Wherever a picture sits, omit it. Output the rest of the listing exactly.

# Data excerpt
::::

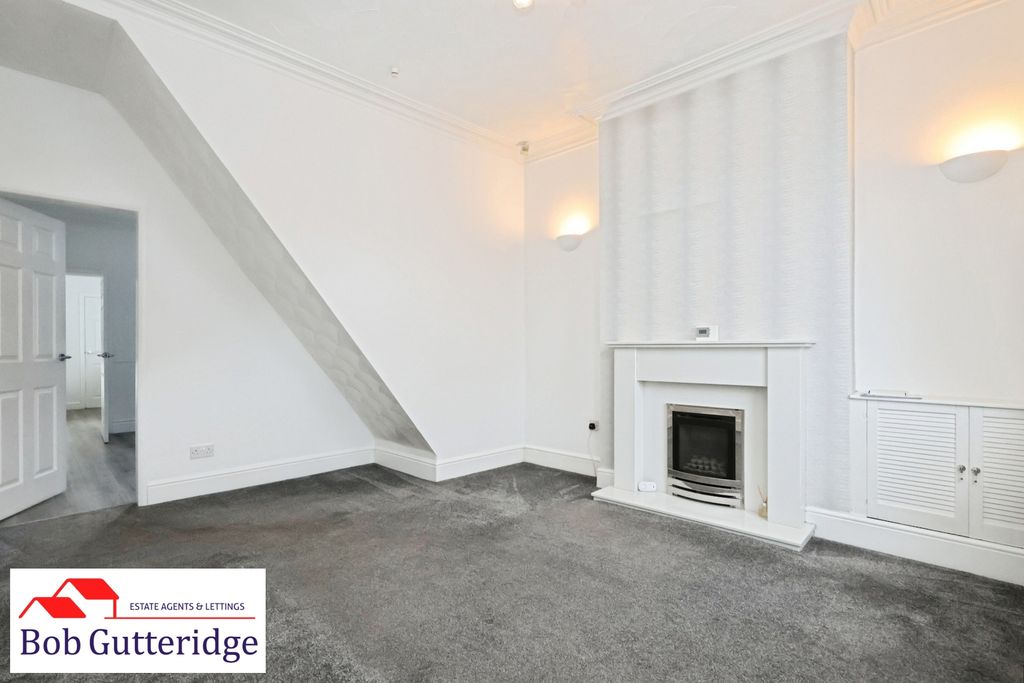 Property photo 3 of 16 Lounge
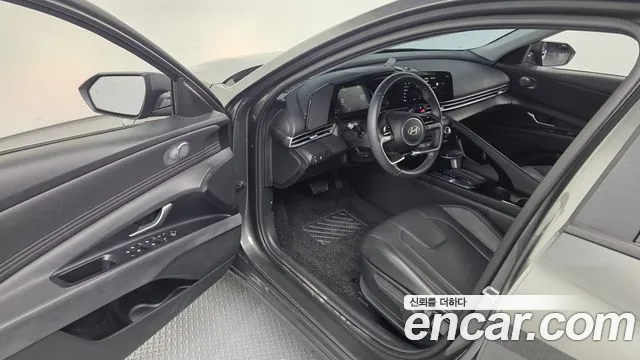 Hyundai Avante CN7 — Фото автомобиля 15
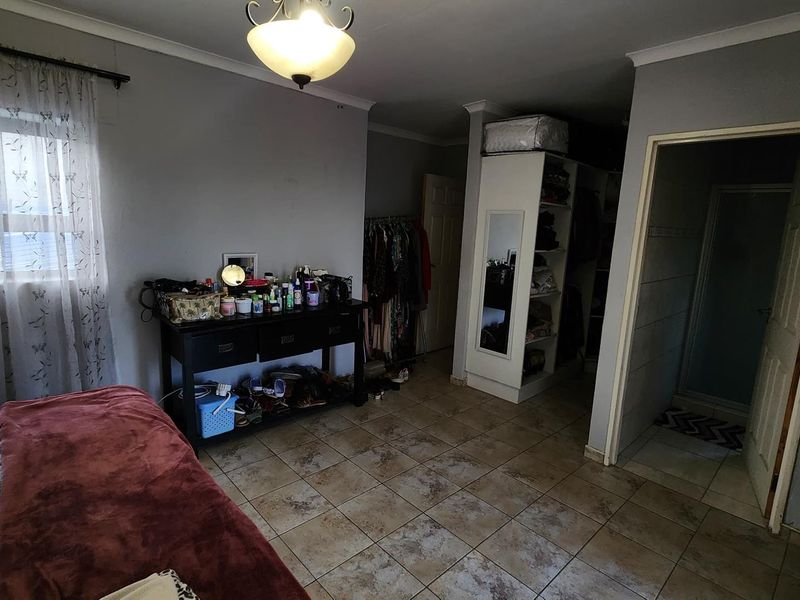 Spacious 4-Bedroom Family Home with Flatlet in Dorado Park | N$ 2 550 000 excluding costs - Photo 7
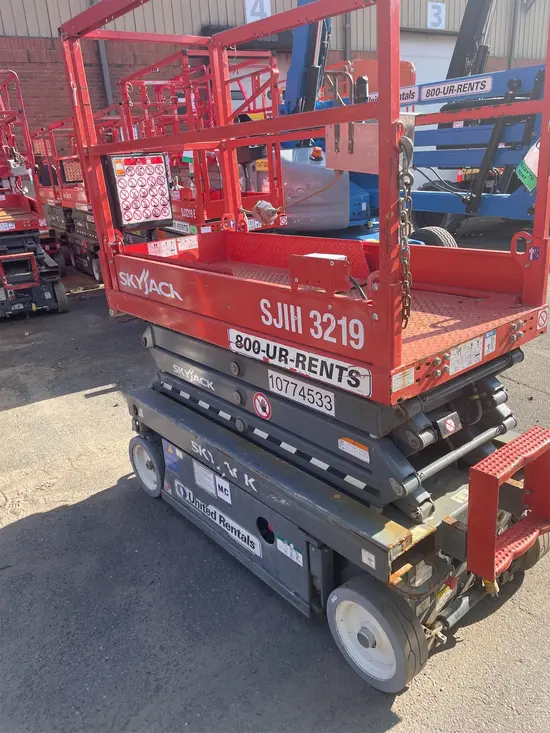 2018 Skyjack SJIII3219 Scissor Lift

::::

# Solved exercise
 Property photo 3 of 16 Lounge
 Hyundai Avante CN7 — Фото автомобиля 15
 Spacious 4-Bedroom Family Home with Flatlet in Dorado Park | N$ 2 550 000 excluding costs - Photo 7
 2018 Skyjack SJIII3219 Scissor Lift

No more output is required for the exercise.